PROMPT: Only the pictures are to be left out; return the rest of the data exactly as it stands.

Data entries:
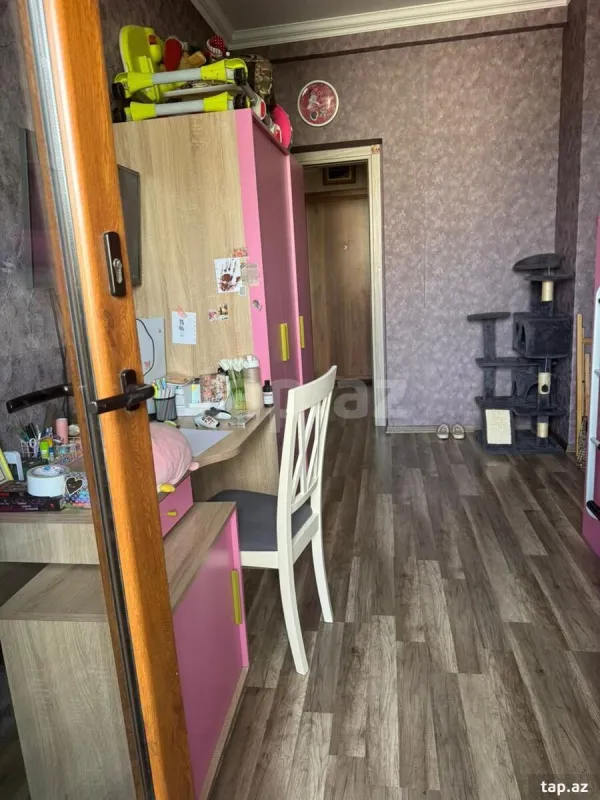 Satılır 3 otaqlı yeni tikili 86.6 m²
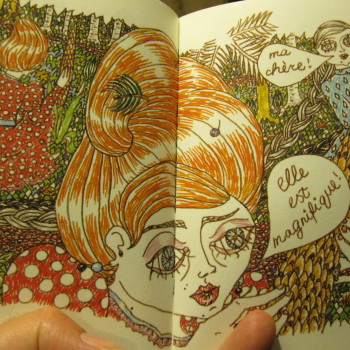 Mini-KUŠ #38: THREE SISTERS by Ingrida Picukane - Image 2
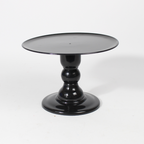PVC Round Plate Cake Stand | Elegant Dessert Display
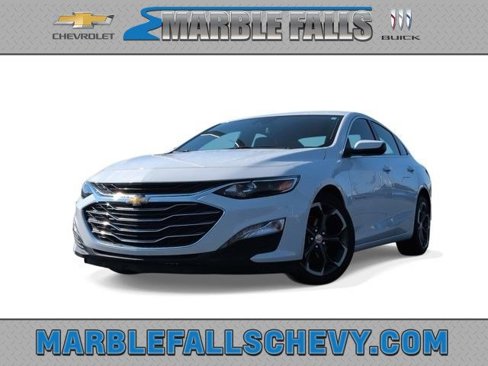 Certified 2023 Chevrolet Malibu LT image 1
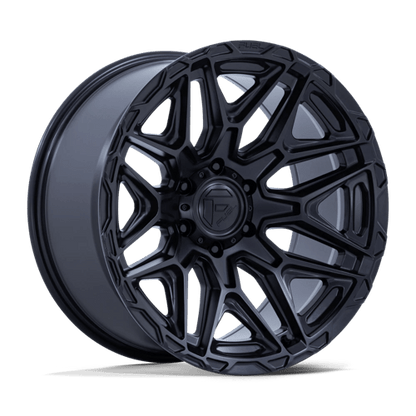 Fuel Offroad FC885 INJECTOR Matte Black 20x9 +1 6x139.7mm 106.1mm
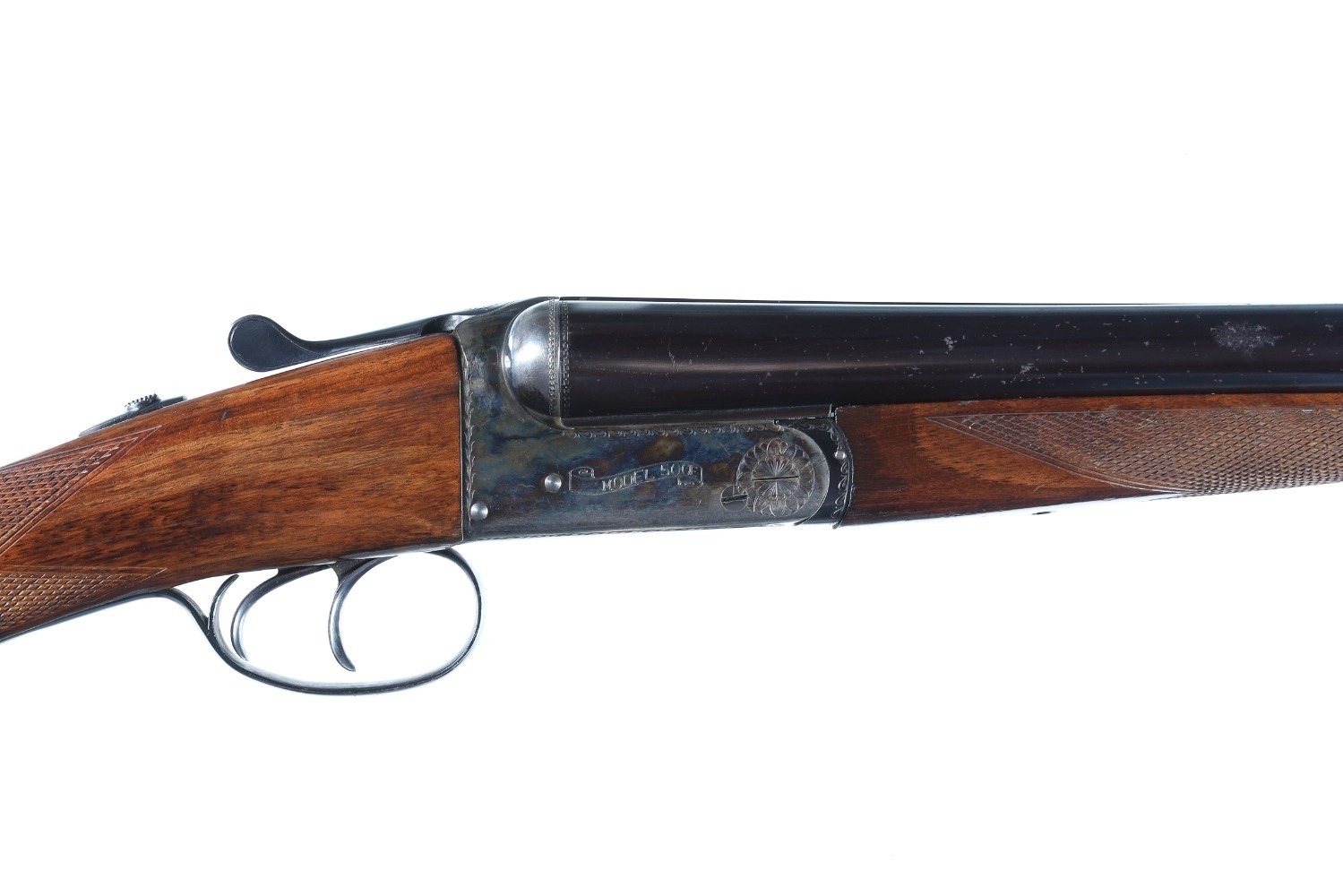 Miroku 500 E SxS Shotgun 12ga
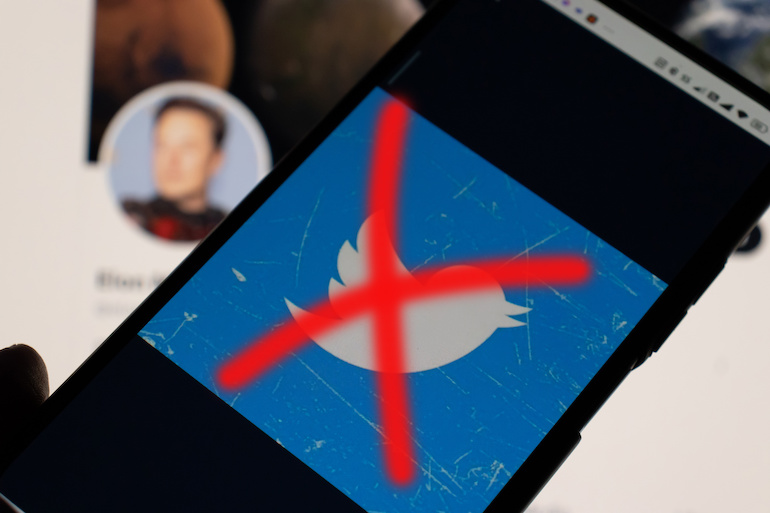 Twitter, X, rebrand, Elon Musk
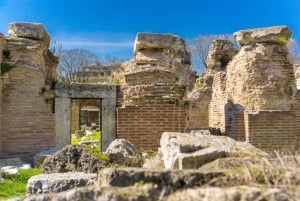 Varna: Privat tilpasset tur med en lokal guide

RESPONSE AREA:
 Satılır 3 otaqlı yeni tikili 86.6 m²
 Mini-KUŠ #38: THREE SISTERS by Ingrida Picukane - Image 2
PVC Round Plate Cake Stand | Elegant Dessert Display
 Certified 2023 Chevrolet Malibu LT image 1
 Fuel Offroad FC885 INJECTOR Matte Black 20x9 +1 6x139.7mm 106.1mm
 Miroku 500 E SxS Shotgun 12ga
 Twitter, X, rebrand, Elon Musk
 Varna: Privat tilpasset tur med en lokal guide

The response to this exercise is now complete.